### PROBLEM TO SOLVE
All lines before the one containing "Used Volkswagen Teramont", plus that line itself, are to be printed exactly as they appear below.
(Beginning of INPUT RECORDS)
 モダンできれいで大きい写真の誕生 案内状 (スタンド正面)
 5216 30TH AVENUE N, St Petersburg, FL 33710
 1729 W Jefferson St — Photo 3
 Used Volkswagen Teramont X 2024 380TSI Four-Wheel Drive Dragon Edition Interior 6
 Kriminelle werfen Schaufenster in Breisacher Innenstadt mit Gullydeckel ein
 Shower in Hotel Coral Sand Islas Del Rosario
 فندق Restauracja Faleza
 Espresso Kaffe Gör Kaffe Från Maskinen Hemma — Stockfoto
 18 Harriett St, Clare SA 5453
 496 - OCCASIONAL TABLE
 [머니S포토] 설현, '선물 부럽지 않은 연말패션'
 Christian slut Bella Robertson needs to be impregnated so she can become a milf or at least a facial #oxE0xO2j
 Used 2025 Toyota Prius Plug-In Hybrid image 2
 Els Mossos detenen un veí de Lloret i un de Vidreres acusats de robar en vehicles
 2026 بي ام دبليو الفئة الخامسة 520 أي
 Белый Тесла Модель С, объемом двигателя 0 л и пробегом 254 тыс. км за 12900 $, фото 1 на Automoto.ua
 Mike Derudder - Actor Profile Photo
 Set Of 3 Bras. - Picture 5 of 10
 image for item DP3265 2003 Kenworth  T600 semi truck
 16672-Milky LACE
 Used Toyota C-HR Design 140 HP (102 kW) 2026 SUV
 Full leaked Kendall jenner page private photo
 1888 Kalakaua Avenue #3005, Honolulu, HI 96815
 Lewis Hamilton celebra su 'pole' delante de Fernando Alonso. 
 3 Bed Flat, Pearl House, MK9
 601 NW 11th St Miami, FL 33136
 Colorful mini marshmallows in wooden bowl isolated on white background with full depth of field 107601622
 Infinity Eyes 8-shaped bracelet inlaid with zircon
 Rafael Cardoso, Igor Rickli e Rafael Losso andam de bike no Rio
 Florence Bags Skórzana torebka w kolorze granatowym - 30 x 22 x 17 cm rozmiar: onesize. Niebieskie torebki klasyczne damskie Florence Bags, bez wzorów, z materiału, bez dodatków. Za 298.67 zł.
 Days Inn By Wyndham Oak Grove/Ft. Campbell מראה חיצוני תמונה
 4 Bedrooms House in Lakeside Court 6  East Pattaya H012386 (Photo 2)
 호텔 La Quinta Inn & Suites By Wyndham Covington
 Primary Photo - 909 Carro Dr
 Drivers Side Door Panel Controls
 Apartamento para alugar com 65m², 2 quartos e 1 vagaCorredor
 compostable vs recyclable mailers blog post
(End of INPUT RECORDS)
### RESULT OF THE EXERCISE
 モダンできれいで大きい写真の誕生 案内状 (スタンド正面)
 5216 30TH AVENUE N, St Petersburg, FL 33710
 1729 W Jefferson St — Photo 3
 Used Volkswagen Teramont X 2024 380TSI Four-Wheel Drive Dragon Edition Interior 6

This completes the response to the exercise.